What is the probability of an event?

1. Types of Inferential Statistics

Estimation (Point & Interval)
Hypothesis Testing
Correlation Analysis
Regression Analysis
Probability Distributions

2. Population and Sample

Population: Entire group of interest
Sample: A subset of the population

Population → All students in a college
Sample → 100 randomly selected students

✔ Inferential statistics uses samples to make conclusions about populations

Sampling method matters: random sampling reduces bias and improves generalization.

3. Estimation

🔹 Point Estimation

A single value used to estimate a population parameter.

Sample mean → Point estimate of population mean

data = [45, 50, 55, 60, 65]
mean = sum(data) / len(data)
print("Point Estimate (Mean):", mean)

🔹 Interval Estimation (Confidence Interval)

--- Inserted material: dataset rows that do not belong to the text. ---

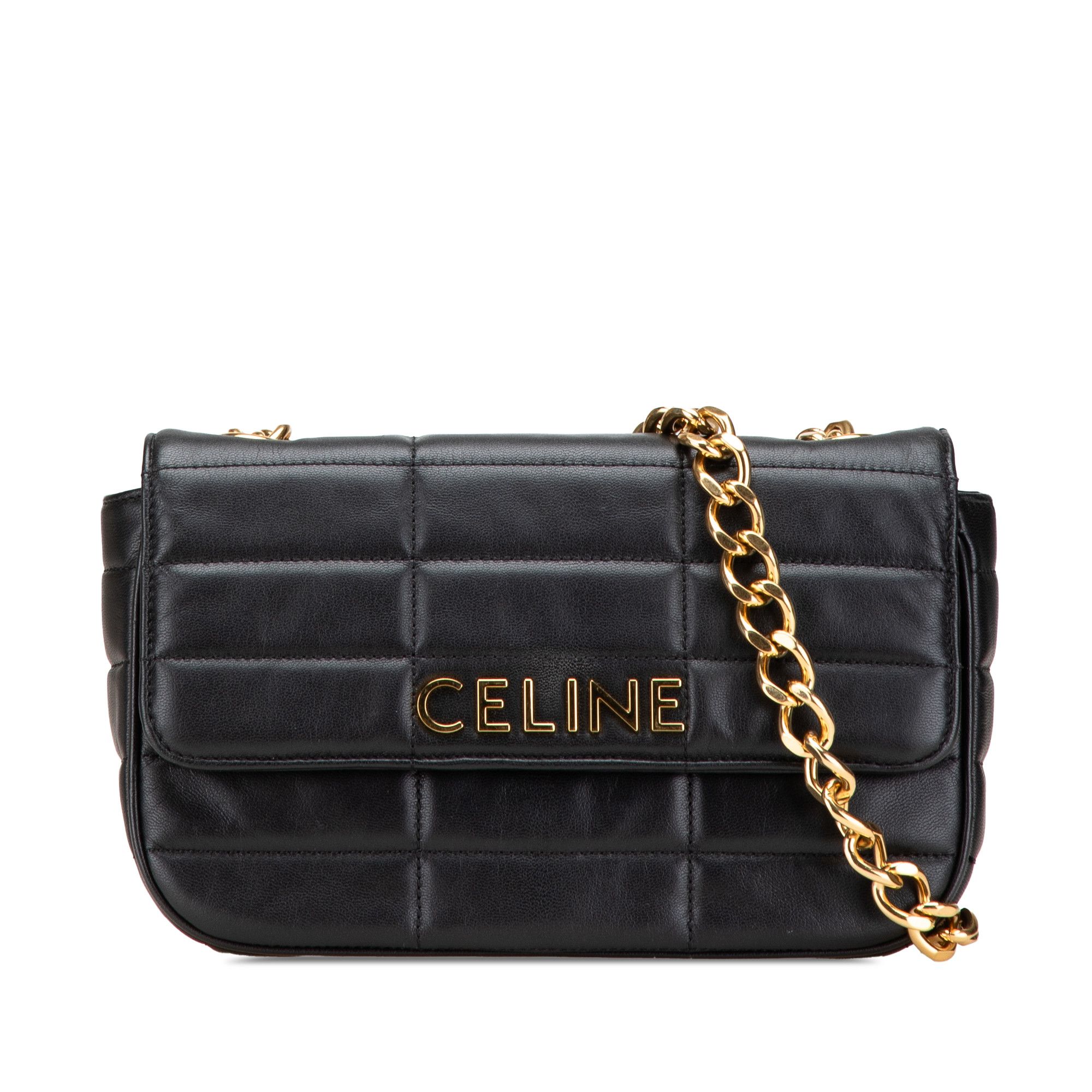 Celine Matelasse Goatskin Monochrome Chain Shoulder Bag in Black, Women's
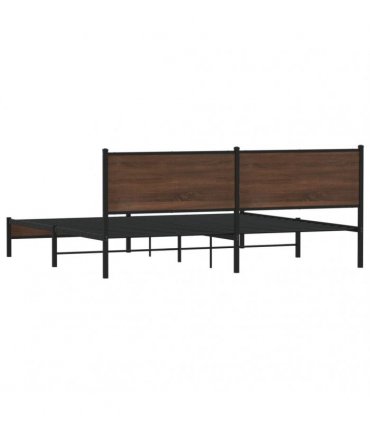 vidaXL Metal Bed Frame without Mattress Brown Oak 200x200 cm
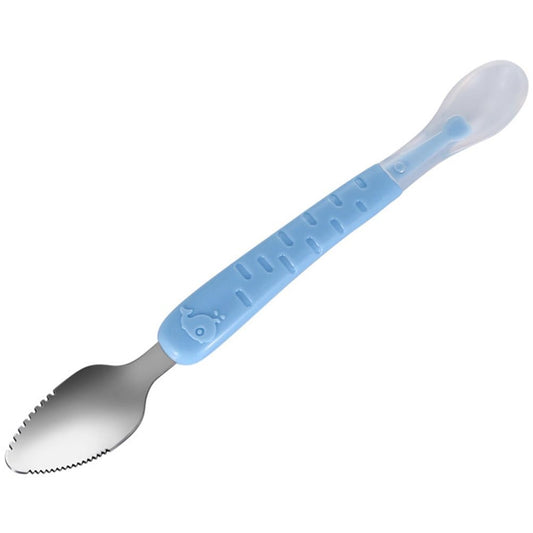 Hemoton Cuchara de cena de acero inoxidable 304, espátula de doble cabeza, cuchara de alimentación para bebés, espátula para bebés, cuchara complementaria para alimentos para bebés, cuchara para bebés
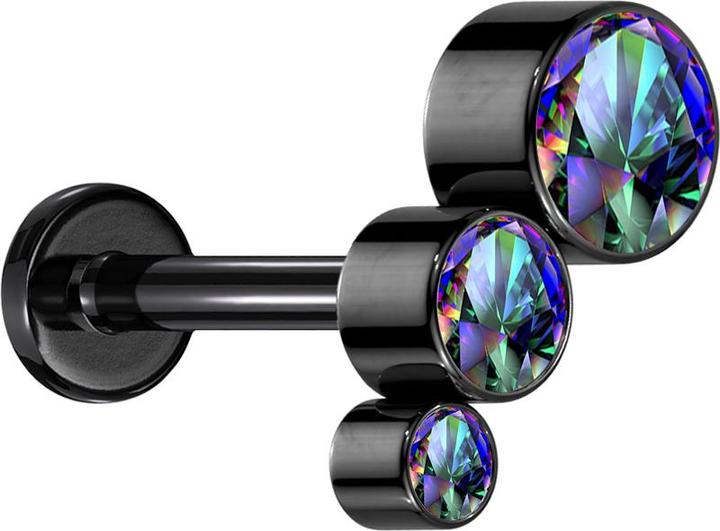 Produktbild Star Piercing Micro Labret Innengewinde schwarz absteigend drei Kristalle dunkel multicolor (ohne Messing, Titan G23)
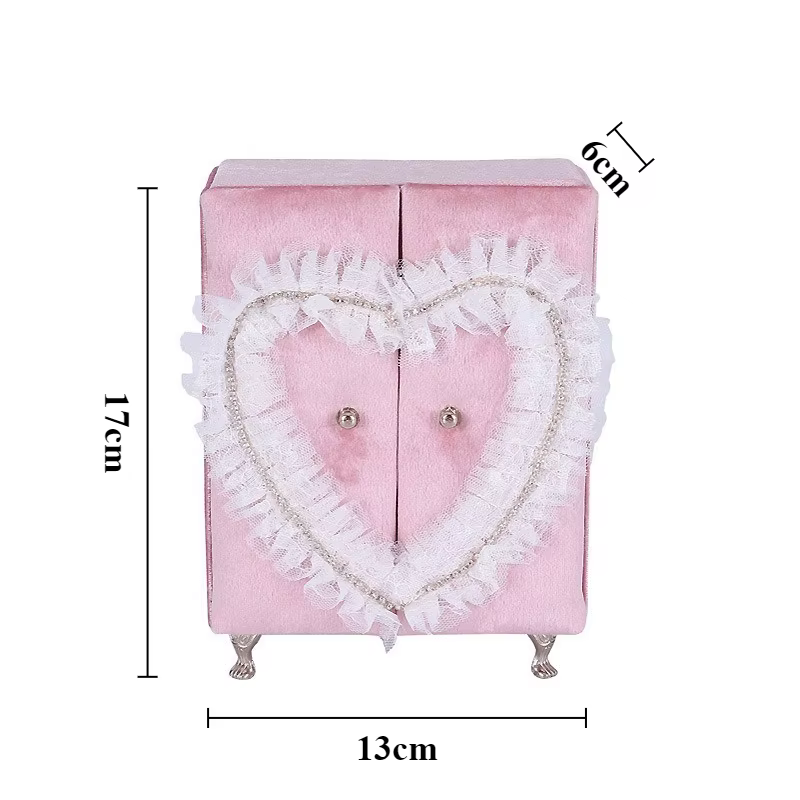 Boîte à bijoux rose, boîtes de rangement de bijoux mignonnes, boîte de rangement de bagues et de bou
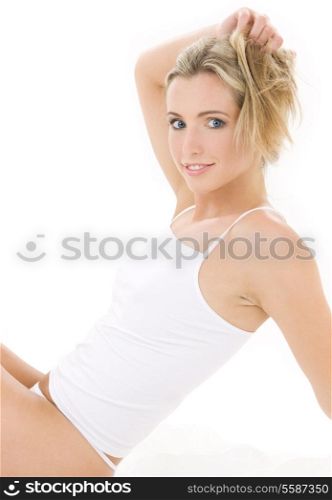 picture of sexy blonde in white cotton underwear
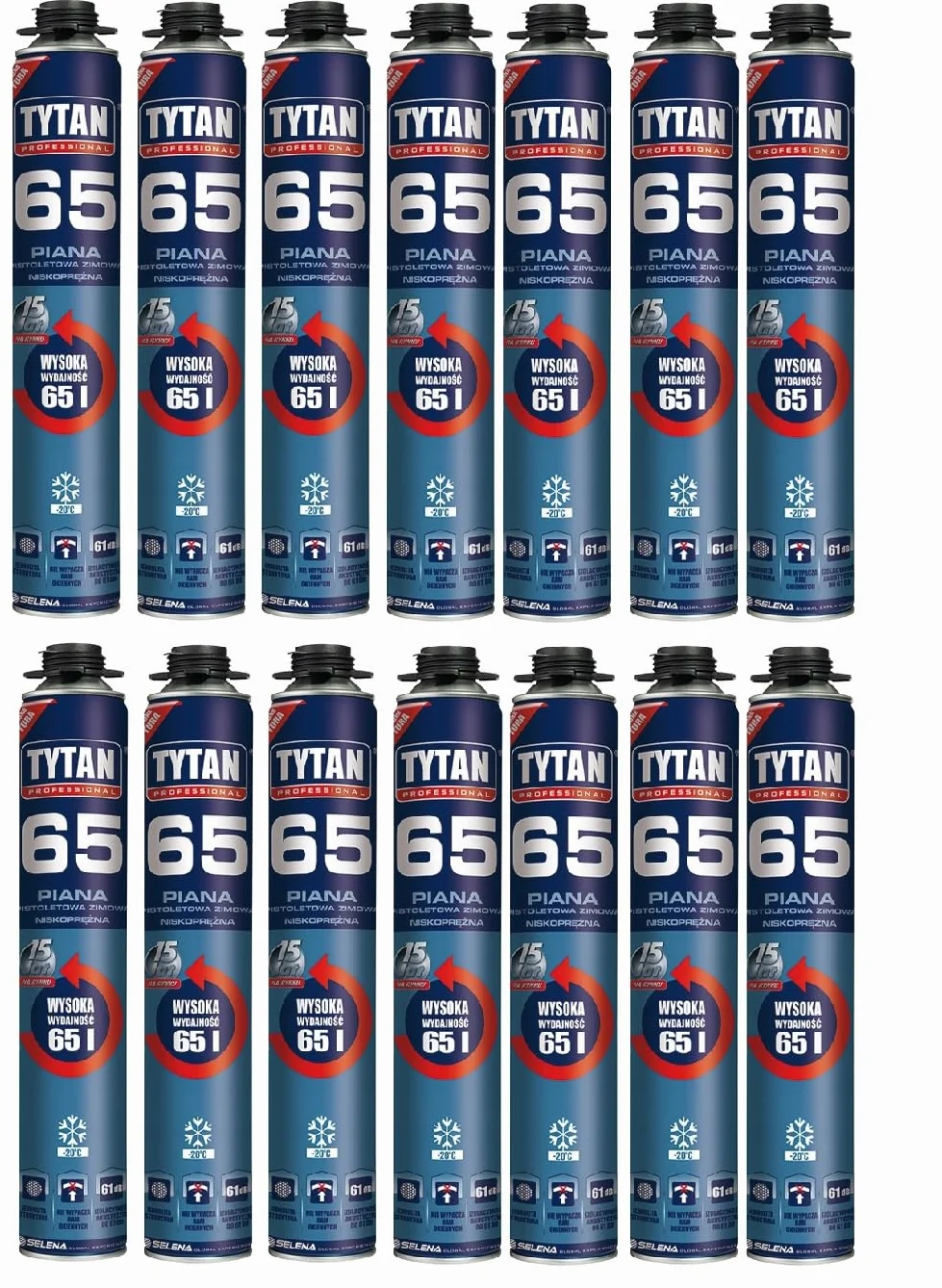 Pianka do pistoletu Tytan 65 pianka zimowa | montaż | działanie wysokich i niskich temperatur (od -60°C do +100°C) 14 x 750 ml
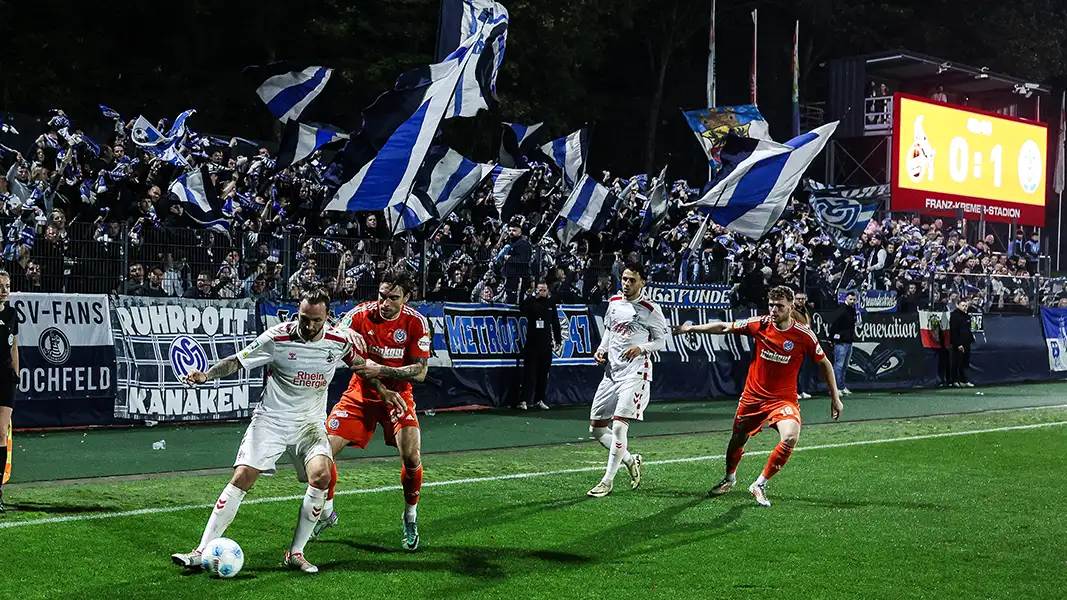 Die Fans des MSV Duisburg verwandelten die Partie für den 1. FC Köln in ein Auswärtsspiel. (Foto: IMAGO / Herbertz)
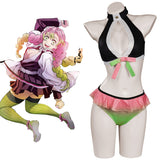 Anime Demon Slayer Kanroji Mitsuri Cosplay Fiesta Disfraz Traje de Baño Bikini Creación Secundaria-DISFRAZDEDIADEBRUJAS.ES®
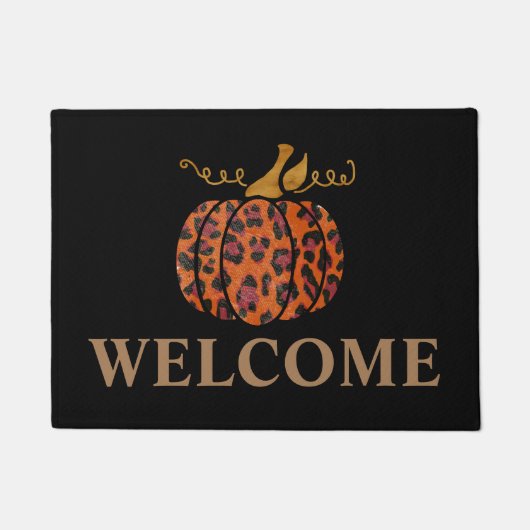 Paillasson Chute léopard imprimé citrouille Bienvenue Mat de  (Devant)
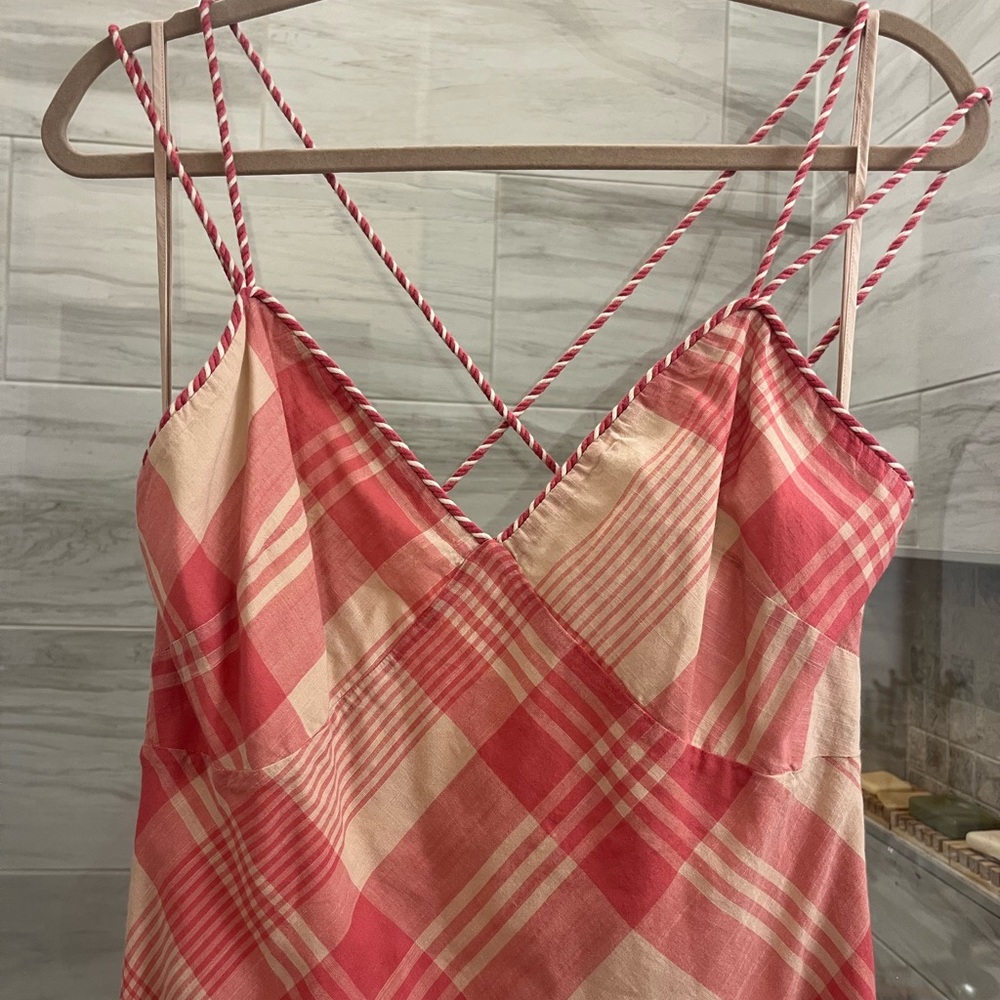 Ralph Lauren Pink Checkered Maxi Dress NWT - Picture 8 of 11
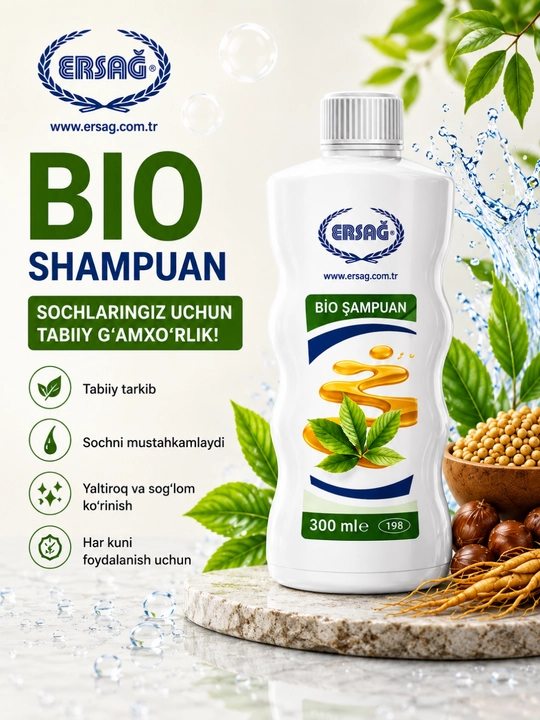 ERSAG Bio shampuni 300 ml - sochlarni parvarishlash, yaltiratish va mustahkamlash uchun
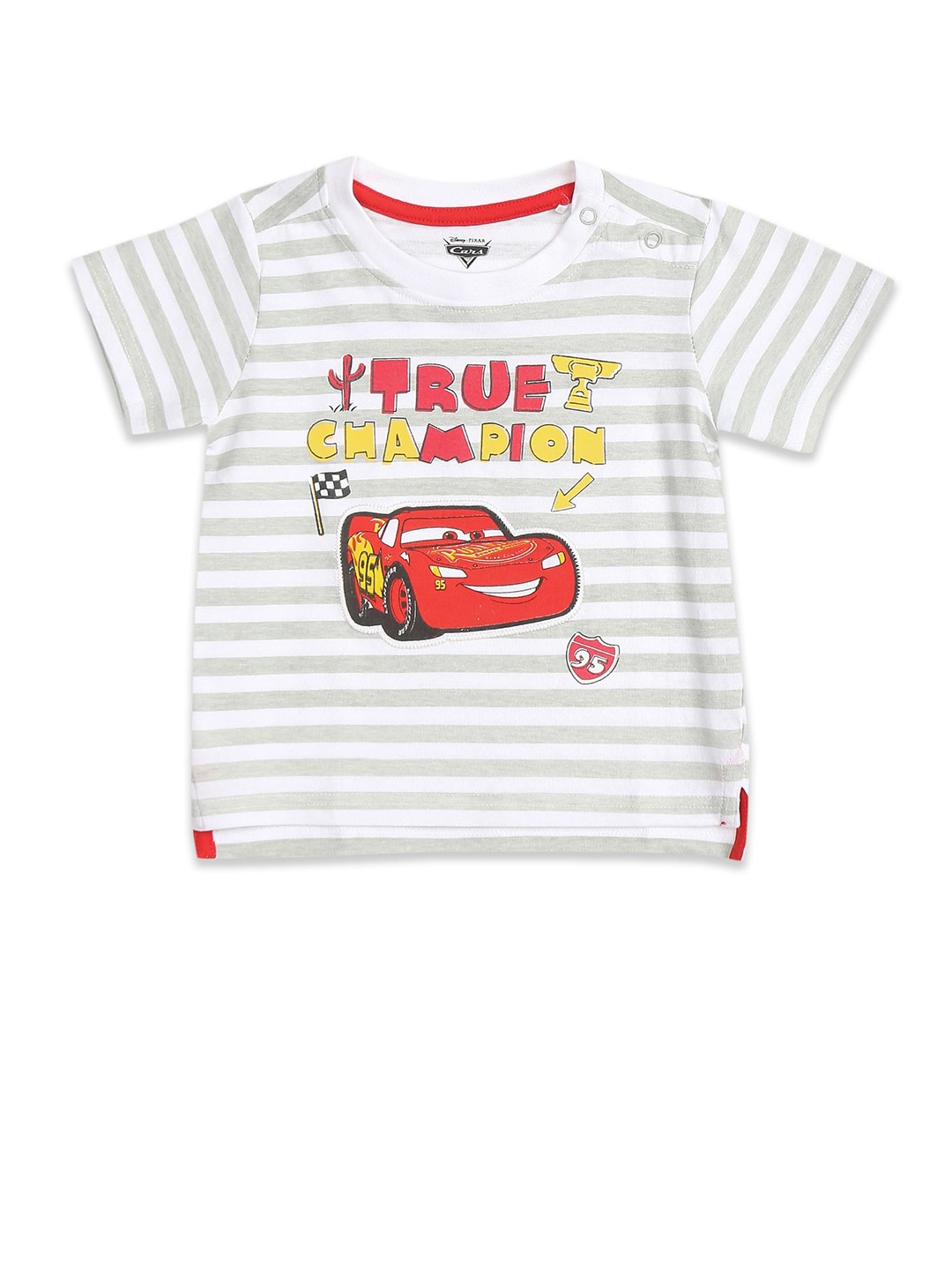 

Colt Boys White & Multicoloured Striped Regular Fit T-shirt
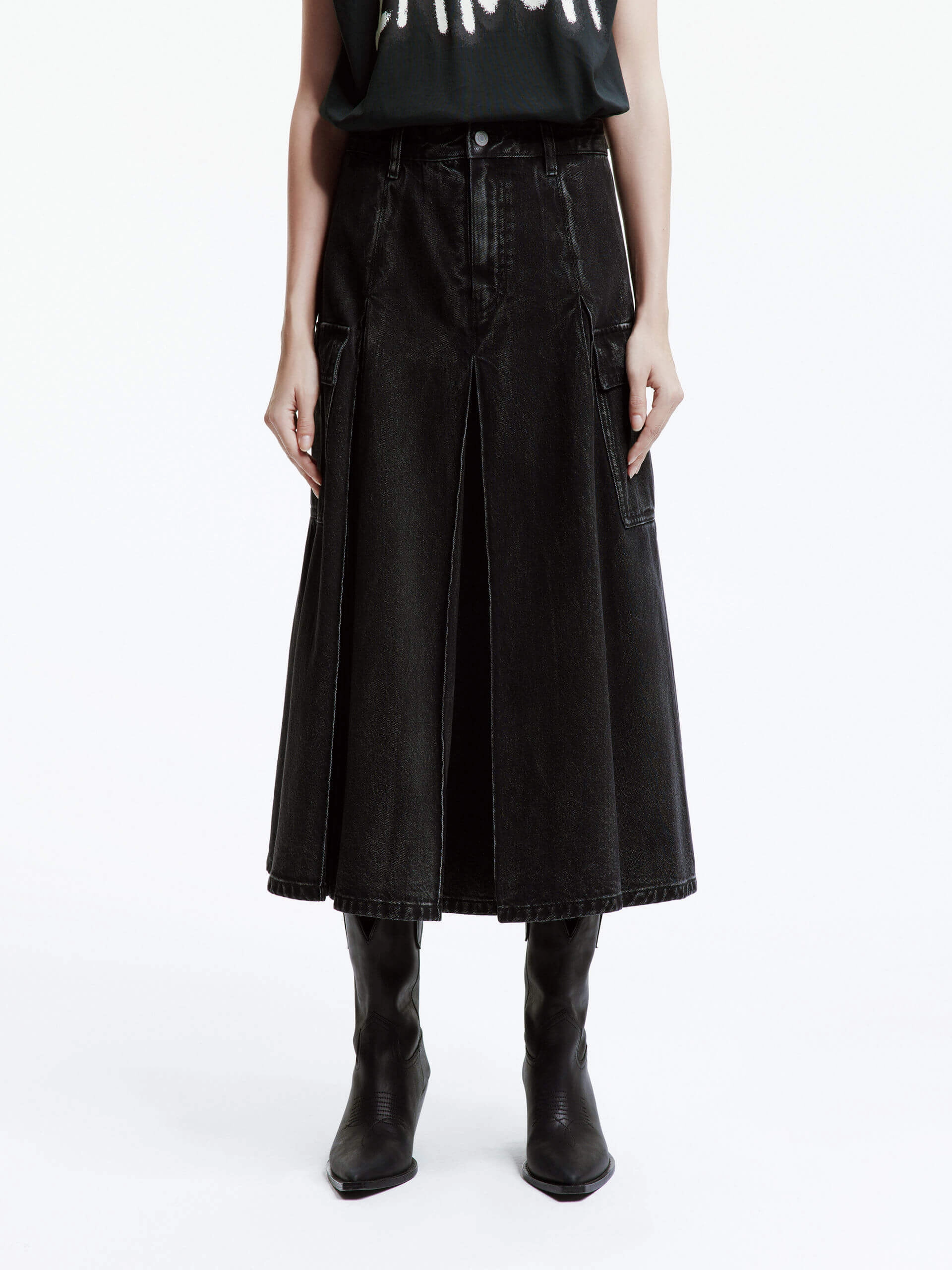 A-line Denim Midi Skirt EcoFriendlyMaterials Ultimate Wear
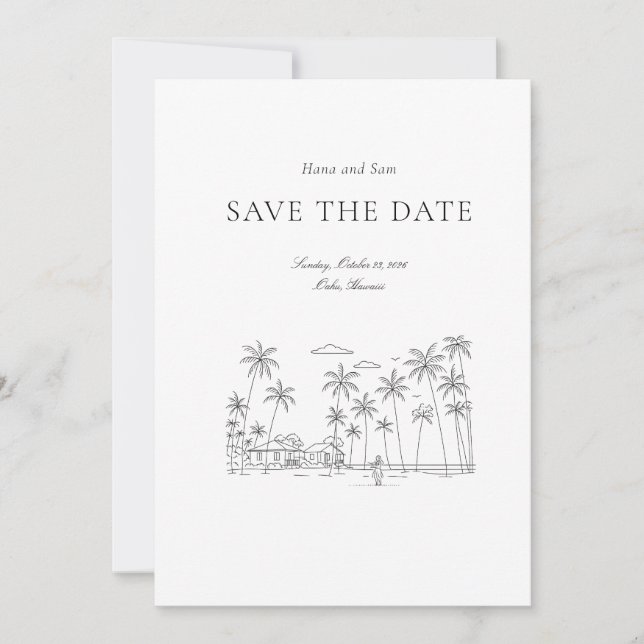 Save the date simple wedding (Front)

A range of values within which the population parameter is likely to lie.

from scipy import stats
import numpy as np

data = [45, 50, 55, 60, 65]
confidence_level = 0.95

mean = np.mean(data)
std_error = stats.sem(data)

ci = stats.t.interval(confidence_level, len(data)-1, mean, std_error)
print("95% Confidence Interval:", ci)

Confidence intervals provide a range of plausible values for population parameters.

4. Hypothesis Testing

Hypothesis testing is a statistical method used to make decisions using data.

🔹 Types of Hypothesis

Null Hypothesis (H₀): No effect or no difference
Alternative Hypothesis (H₁): There is an effect or difference

H₀: Mean score = 50
H₁: Mean score ≠ 50

🔹 One-Sample t-Test

from scipy.stats import ttest_1samp

data = [48, 50, 52, 49, 51]
t_stat, p_value = ttest_1samp(data, 50)

print("t-statistic:", t_stat)
print("p-value:", p_value)

✔ If p-value < 0.05 → Reject H₀ ✔ If p-value ≥ 0.05 → Fail to reject H₀

Always check assumptions (normality, independence, equal variances) before choosing a test.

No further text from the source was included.